Pictures aside, copy exactly each line from the one that holds "Multiple Living Zones" through the last line of the records below.

- - - - - - -

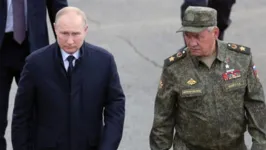 Presidente da Rússia, Vladimir Putin, e ministro da Defesa do país, Sergei Shoigu.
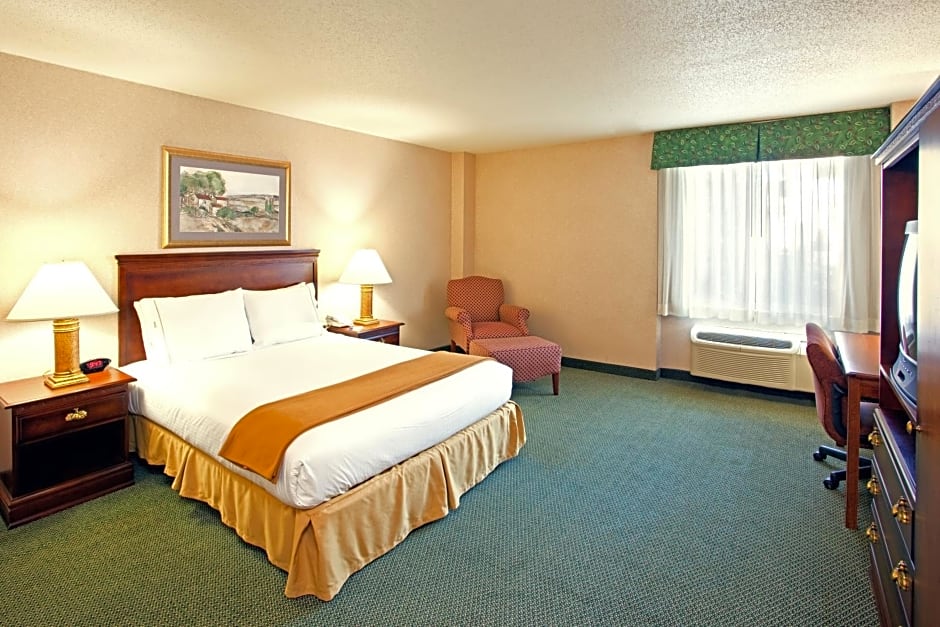 Holiday Inn Express and Suites Pittsburgh West Mifflin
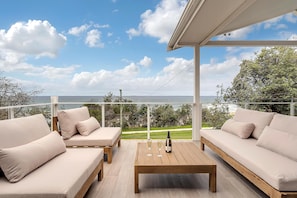 'Drift' - Absolute Beachfront at Coledale w/ Panoramic Views & Multiple Living Zones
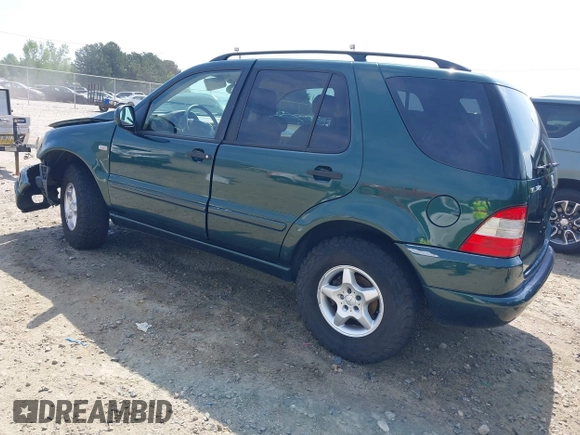 2000 Mercedes-Benz M 320/430/500 z VIN 4JGAB54E9YA180890, wystawiony jako IAAI lot #42151065 z przebiegiem 98 866 mil mil oraz . Historia ofert i sprzedaży dostępna na DreamBid. Obrazek 3.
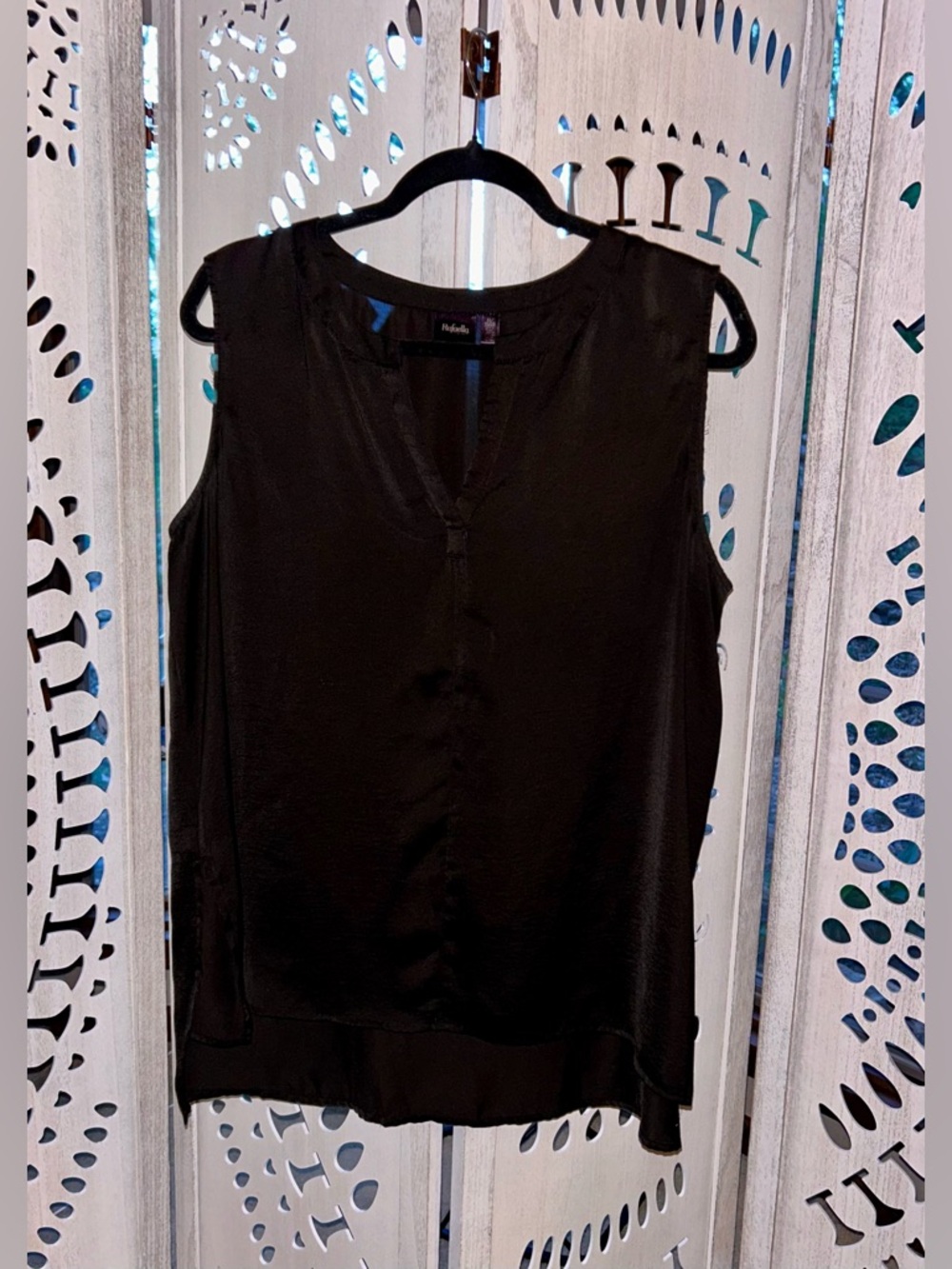 Rafaella Sleeveless Black V-Neck Women's Top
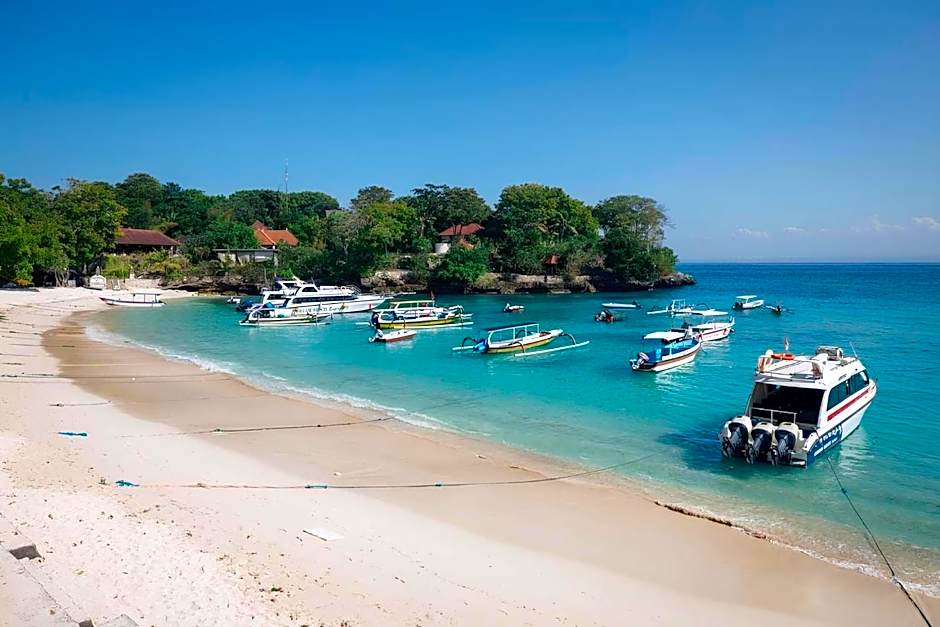 Bale Gede Lembongan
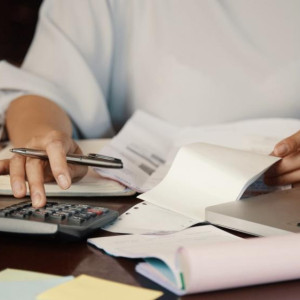 В Коврове матери бойца СВО начислили долги за оплату ЖКХ из-за ошибки в банке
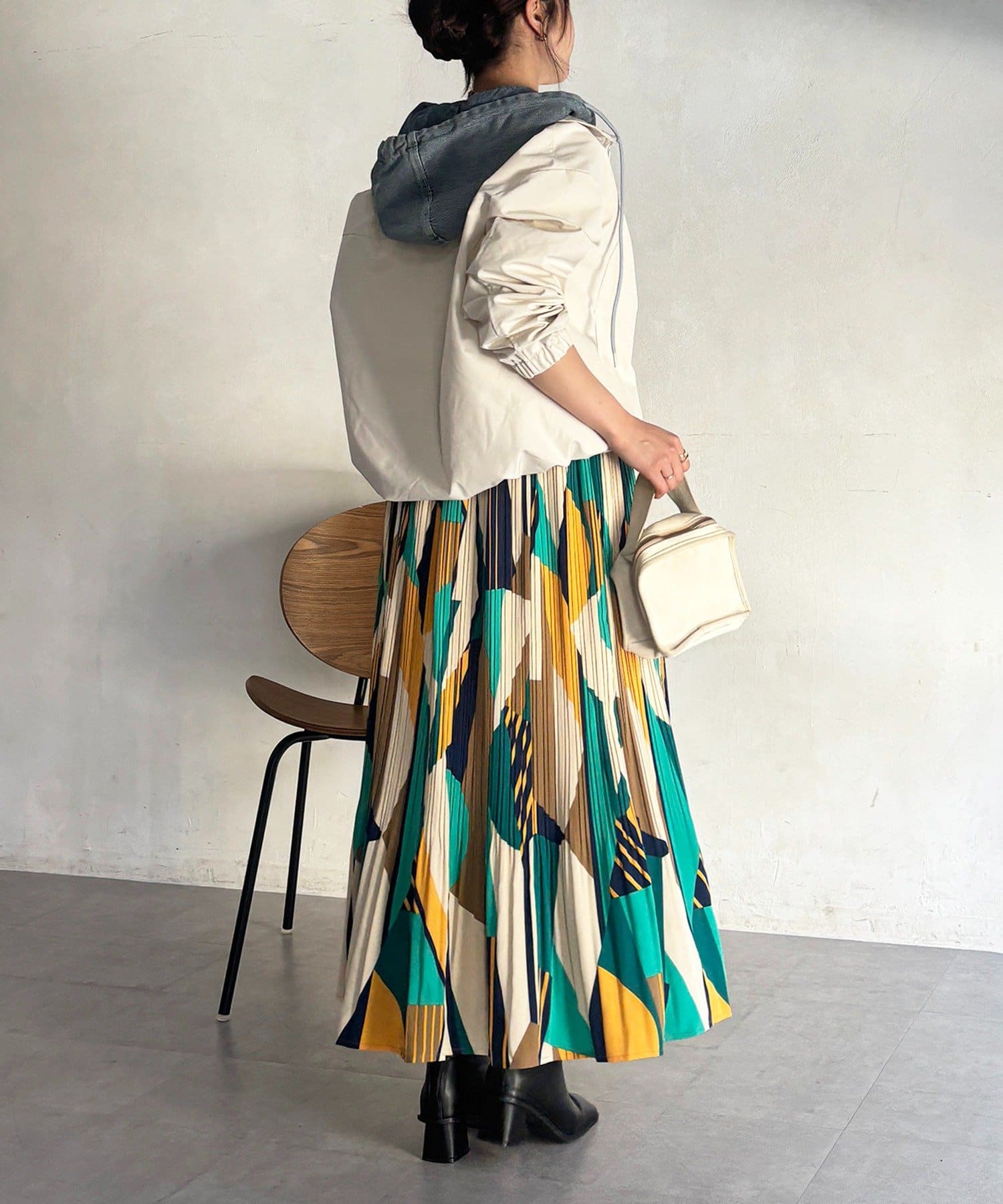 Croisiere(クロジエール) 幾何柄プリーツスカート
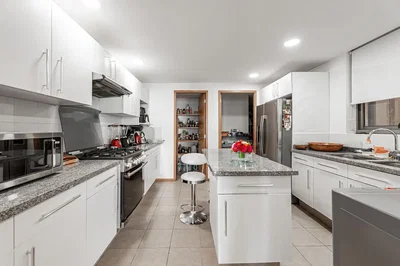 Mutfak; mutfak aletleri, doğal ışık, modern stil, tadilatlı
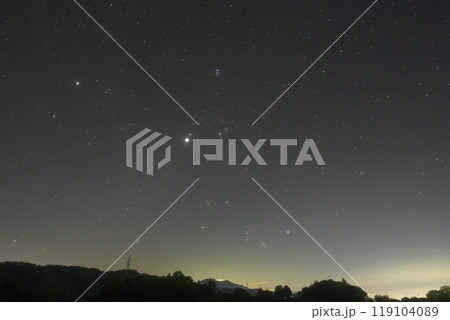 北杜市白州町、未明の東の空に昇る木星に寄添う火星と冬の星々 北杜市白州町、未明の東の空に昇る木星に寄添う火星と冬の星々 119104089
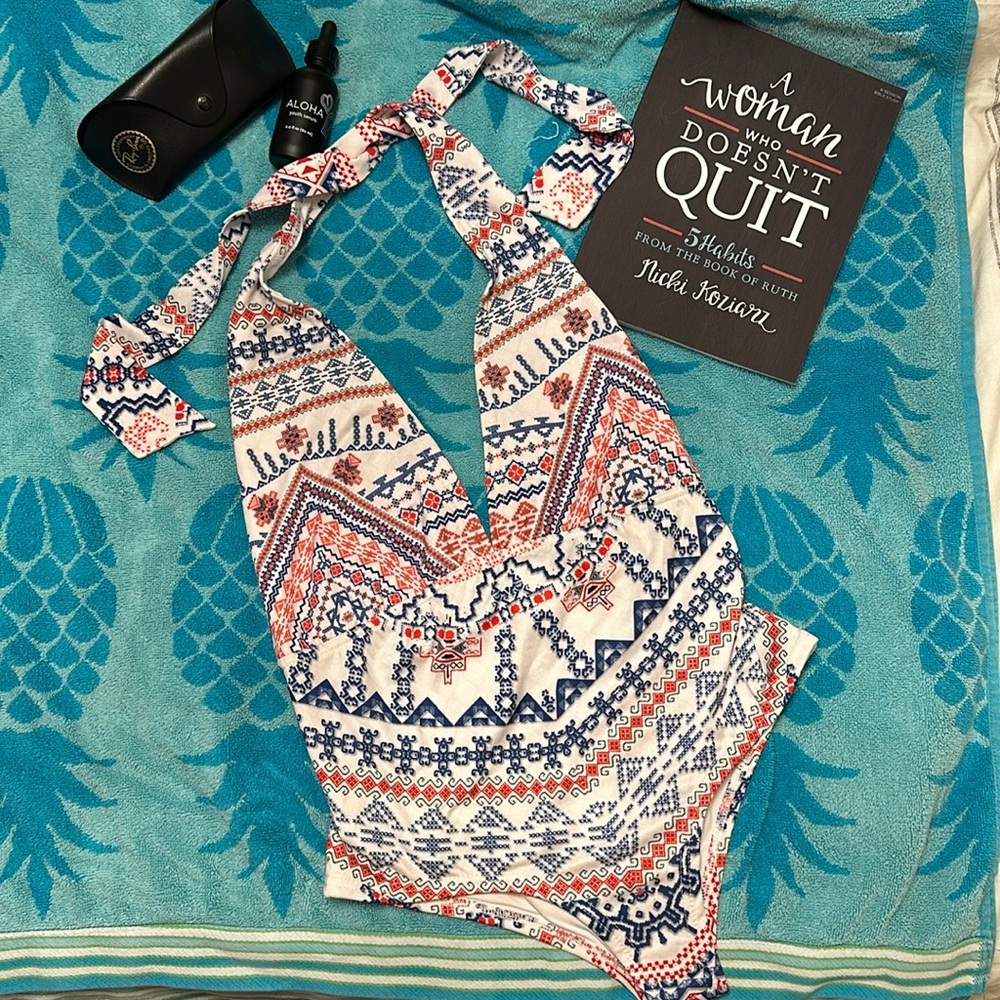 NWOT Rococo Sand One Piece Size Medium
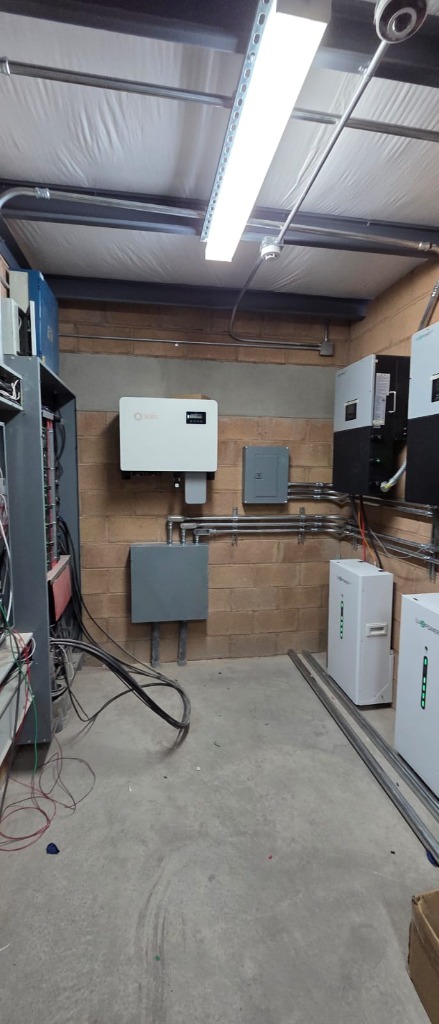 Cuarto de Inversores LuxPower y Bancos de Baterías STORM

- - - - - - -

● **Reply**:
 'Drift' - Absolute Beachfront at Coledale w/ Panoramic Views & Multiple Living Zones
 2000 Mercedes-Benz M 320/430/500 z VIN 4JGAB54E9YA180890, wystawiony jako IAAI lot #42151065 z przebiegiem 98 866 mil mil oraz . Historia ofert i sprzedaży dostępna na DreamBid. Obrazek 3.
 Rafaella Sleeveless Black V-Neck Women's Top
 Bale Gede Lembongan
 В Коврове матери бойца СВО начислили долги за оплату ЖКХ из-за ошибки в банке
 Croisiere(クロジエール) 幾何柄プリーツスカート
 Mutfak; mutfak aletleri, doğal ışık, modern stil, tadilatlı
 北杜市白州町、未明の東の空に昇る木星に寄添う火星と冬の星々 北杜市白州町、未明の東の空に昇る木星に寄添う火星と冬の星々 119104089
 NWOT Rococo Sand One Piece Size Medium
 Cuarto de Inversores LuxPower y Bancos de Baterías STORM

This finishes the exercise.